-- RECORDS TO USE follows --
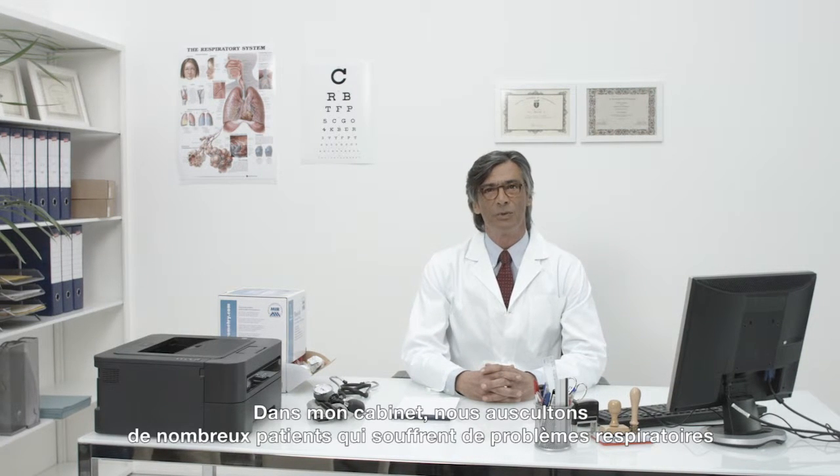Hi, I'm Dr. Smith. In my practice, we examine and assess a multitude of patients with breathing problems, such as asthma and COPD, and we prescribe various treatments.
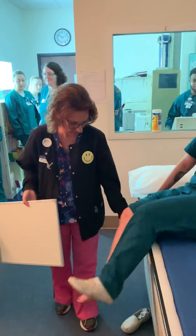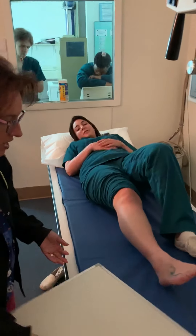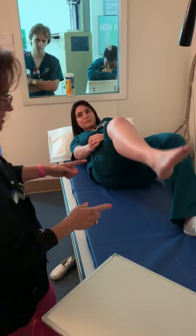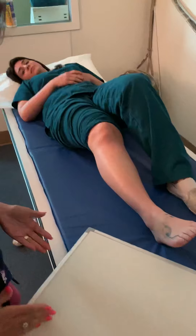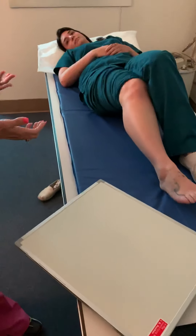We'll let you go ahead and lie back. Most adult patients, the tibia and fibula won't fit lengthwise, so most adult patients you're going to go corner to corner on the IR with a digital receptor.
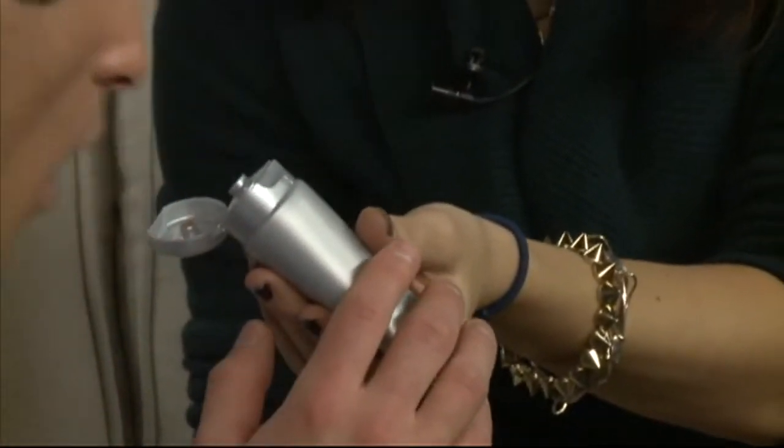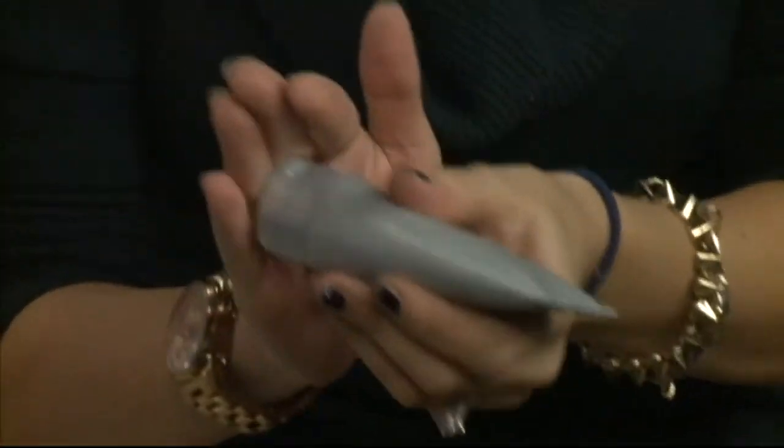I like to use this Arcona Raspberry Resurfacing Peel. You can use this once weekly — it's fantastic. It retails for about $48, and you apply it on the face for about 15 minutes. Does it smell like raspberries? Yes, it's amazing! Does it have anything coarse in it? It has a little bit of that, but more importantly these are enzymes — it's an enzyme-based peel, so you'll just feel a little bit of tingling. Very nice.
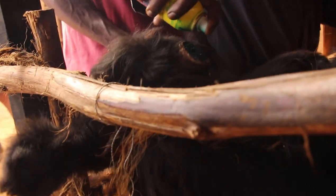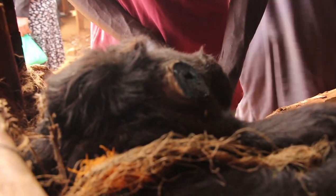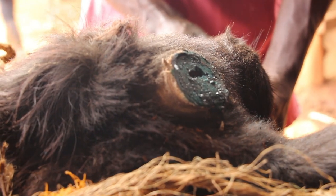After that, they brought an antibiotic and sprayed the wound to avoid infections. They also injected antitetanus to avoid the spread of tetanus, bacteria, and other germs.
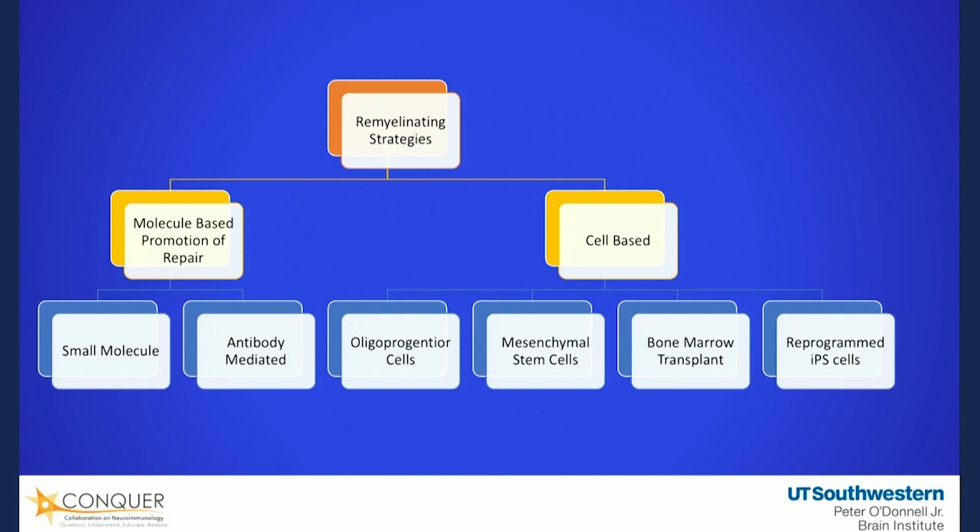We're going to talk about the research to repair the damage that's been done. There are two strategies currently being pursued in science for repairing damage. The first strategy is a molecular-based promotion of repair — I give you a drug or a molecule, or an antibody, to get your body to repair the damage. The theory is you have everything you need to repair; we just need to turn it on. The second set of strategies, called cell-based strategies, are where we give you a new stem cell to go in and try to repair damage.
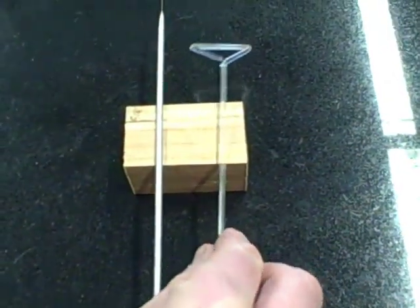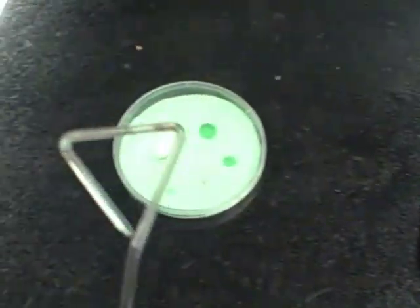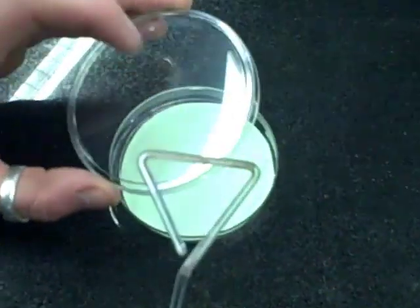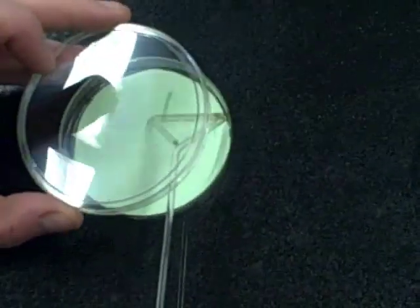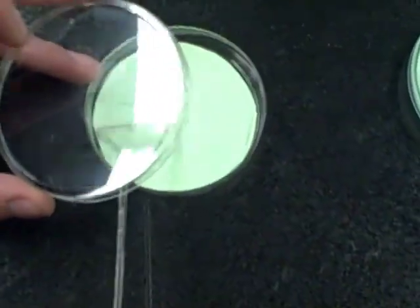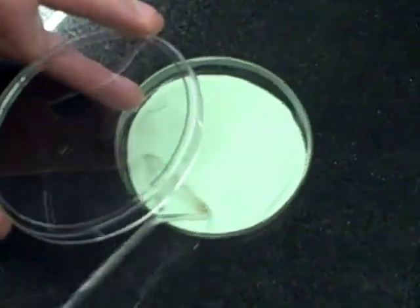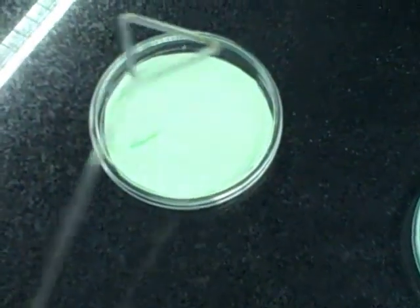Our second last job is to spread the bacteria out more with our glass spreader. So we come over to our new plate, open it — not letting things fall in — and spread out our bacteria all the way around so the whole plate is covered. We won't see anything at this point because it's so small, but the whole plate is covered. We keep it closed to keep it sterile.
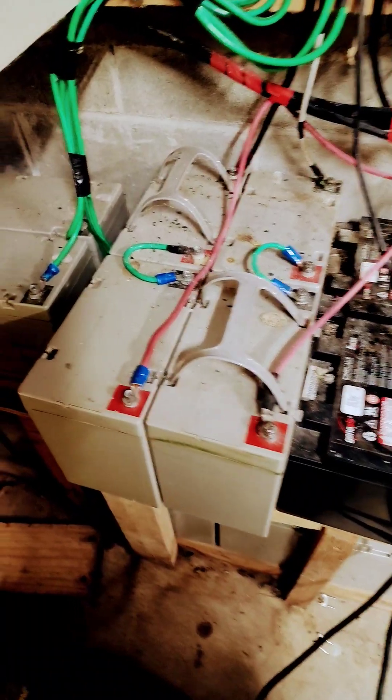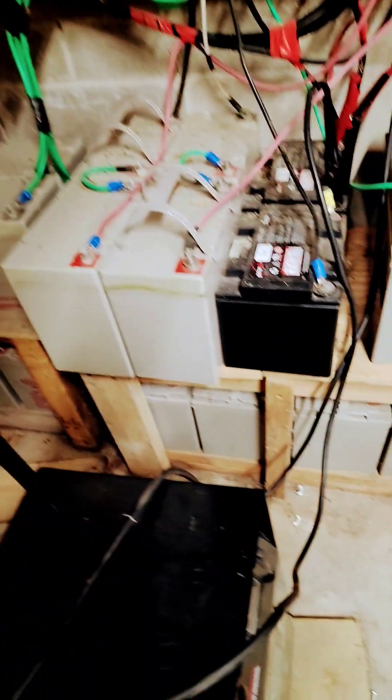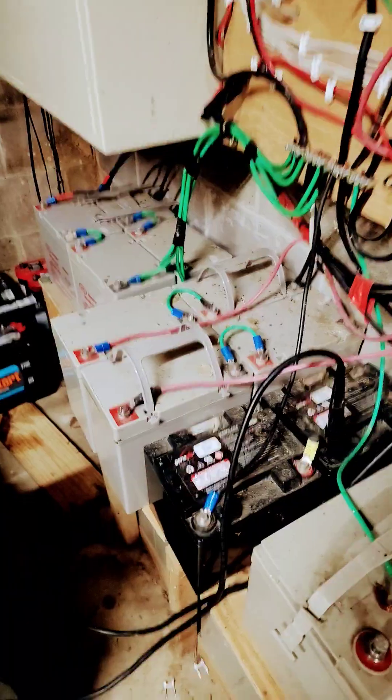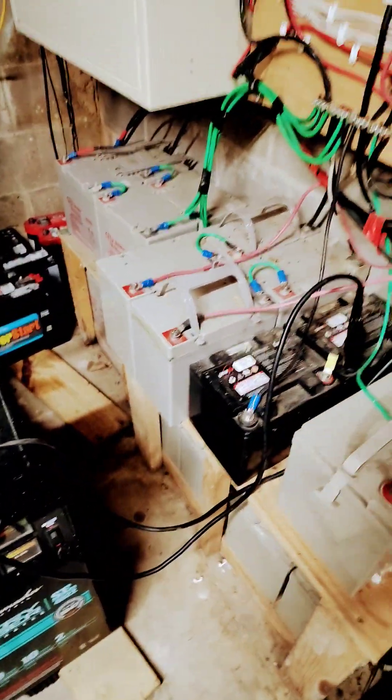Hey folks, turbine guy back at you down in my basement. After 12 years it's finally time to change out my battery bank. We have 12 55 amp hour gel cells down on the bottom, four 100 amp hour gel cells, and up here we have two 45 amp hour AGMs. These babies have seen their day and can't even hold a charge anymore — they're connected in pairs to my 24 volt bus bars.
-- RECORDS TO USE concluded --
■ **WHAT IS BEING ASKED**
Please return the lines from the line with "We're going to" through the last line of the data, both included, exactly, and without pictures.

■ **WRITTEN ANSWER**
We're going to talk about the research to repair the damage that's been done. There are two strategies currently being pursued in science for repairing damage. The first strategy is a molecular-based promotion of repair — I give you a drug or a molecule, or an antibody, to get your body to repair the damage. The theory is you have everything you need to repair; we just need to turn it on. The second set of strategies, called cell-based strategies, are where we give you a new stem cell to go in and try to repair damage.
Our second last job is to spread the bacteria out more with our glass spreader. So we come over to our new plate, open it — not letting things fall in — and spread out our bacteria all the way around so the whole plate is covered. We won't see anything at this point because it's so small, but the whole plate is covered. We keep it closed to keep it sterile.
Hey folks, turbine guy back at you down in my basement. After 12 years it's finally time to change out my battery bank. We have 12 55 amp hour gel cells down on the bottom, four 100 amp hour gel cells, and up here we have two 45 amp hour AGMs. These babies have seen their day and can't even hold a charge anymore — they're connected in pairs to my 24 volt bus bars.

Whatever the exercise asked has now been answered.